In two weeks time, I will have finished my degree, and my time at university will be over. This feels like a significant life moment, but I’m not really sure why: I’ve been thinking a lot lately about the future and what my degree is really worth… and, of all the things I have learned over the past three years, the stuff I was taught in lecture theatres and seminar rooms is the least significant.
I have learned to function as an independent human being. In September 2010, I moved out of my parents’ house, and in to a university-owned flat. The year after that, I moved to the other side of the world, and in to a university residence in Australia. This year, I live in a share-house with mould and friends.
Consequently, I’ve had to find the time between studying to do the food shopping, make my dinner, clean the bathroom, do my laundry, and remind myself that bed time is not 4am if you have class at 9am. These, to me, are some of the most valuable skills university has taught me.

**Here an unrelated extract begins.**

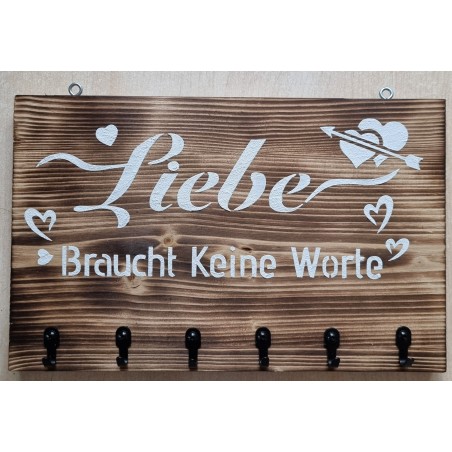 Schlüsselgarderobe " Liebe " geflammt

Although I had a lot of financial help from my parents and the student loans company, I’ve also had to learn to budget. I’ve had to work at the same time as studying – and work to pay for food, and not just for trips to the cinema, which is what my sixth form Saturday job paid for. I’ve had to figure out how much money to set aside for the water bill, and how much that flight would cost, and if I really need to buy new jeans. I’ve also discovered an over-draft, spent all of an over-draft, and worked my arse off to pay it back. The fact that I did this without asking my Dad for help is genuinely one of the things I am most proud of in the world.
I’ve had to live with some people I didn’t like, and I’ve had to learn how to deal with that. I’ve had to figure out my own priorities, and learn to put my mental health and happiness before my grades. I’ve had to learn to ask for help when I needed it, and to tell people when things were wrong, rather than just bottling it up.

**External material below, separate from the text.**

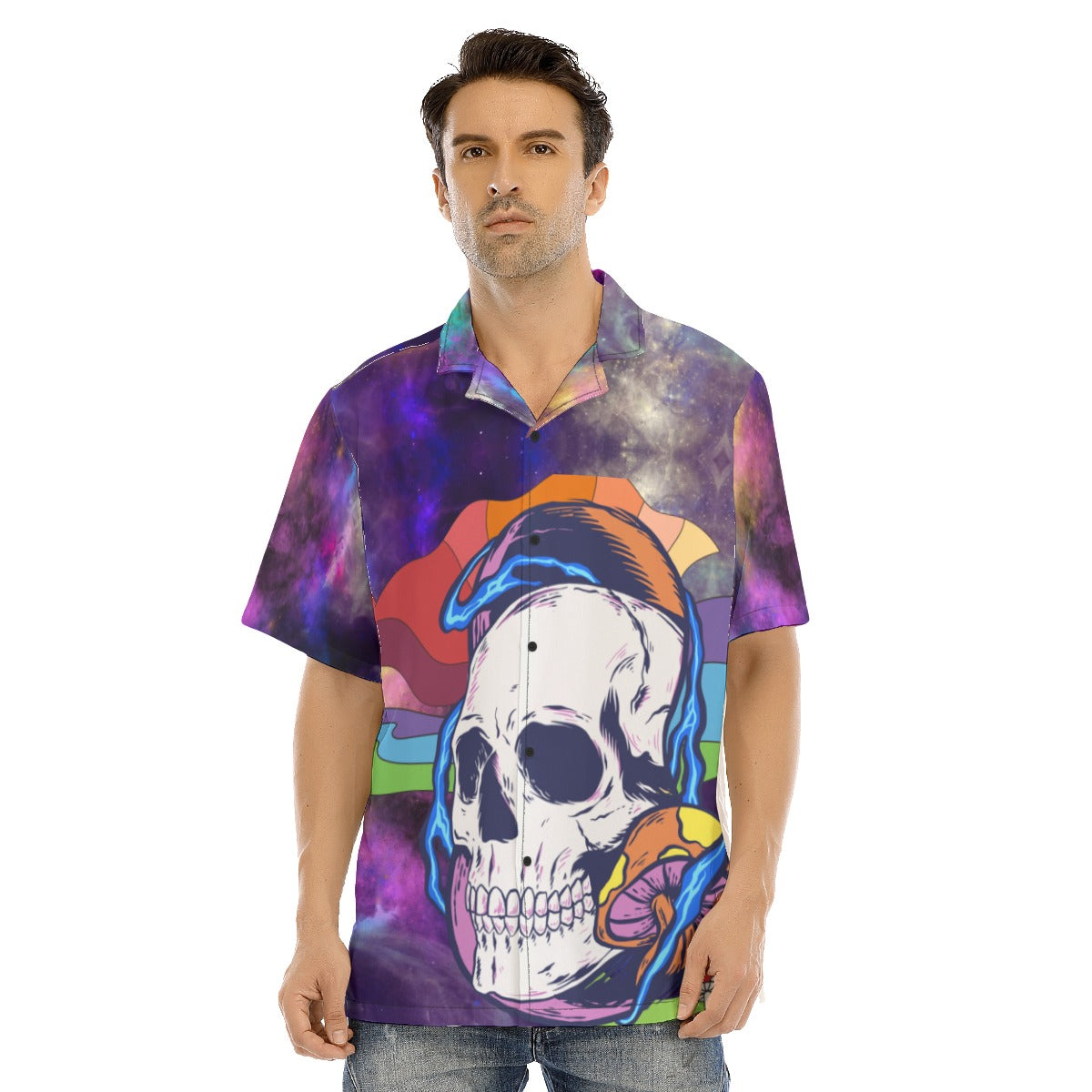 Galaxy skull Hawaiian Shirt With Button Closure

In moving to Australia, I also had to put in to action my rudimentary arithmetic skills, and learn to convert exchange rates. I’ve had to deal with opening bank accounts on my own, and apply for visas. I’ve had to learn my way around two new cities, and to figure out the Canberra bus system – which is a lot more challenging than it sounds.
I’ve studied a lot of things, but I don’t really class any of them as useful. I really like reading, but I’m not sure an English Literature degree has enhanced that, or made me more skilful. I honestly think it’s just made me better at bullshitting. The history half of my degree is the half I truly value, because now I can listen to the news and critique it intelligently, rather than just yelling random thoughts.
I have learned how to analyse and to think; how to research and to construct an argument. But I don’t think any of the actual facts I’ve used will help me at all in the future. Need to know what percentage of the Tanganyikan population lived in rural areas in 1961?! I am your girl. Need, for that matter, to know where Tanganyika was? I can help with that, too. I may not need to know these things, but I have loved every minute.
For a very long time now, I’ve been wondering whether the vast amounts of debt I’ve accrued these past three years have been worth it, and whether I’ve learned anything worth learning. But now, I can safely say that I think I have. I think the life-skills and experiences I have gained will be worth a lot more than my grades. I think that the confidence I have gained has been worth most of all, and that my real understanding of the value of a pound, or a dollar, will be something I will always value.
But seriously, if you need to know about colonial Tanganyika, give me a shout.